Data provided:
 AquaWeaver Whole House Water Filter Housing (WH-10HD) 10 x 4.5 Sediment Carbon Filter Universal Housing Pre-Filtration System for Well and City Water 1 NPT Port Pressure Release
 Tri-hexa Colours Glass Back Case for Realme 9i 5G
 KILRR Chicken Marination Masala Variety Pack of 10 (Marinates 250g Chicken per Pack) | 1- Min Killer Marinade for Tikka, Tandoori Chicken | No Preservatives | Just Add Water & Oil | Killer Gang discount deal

The task:
Only one number is wanted: how many lines of the listing above hold the word "Water".

Result of this task:
2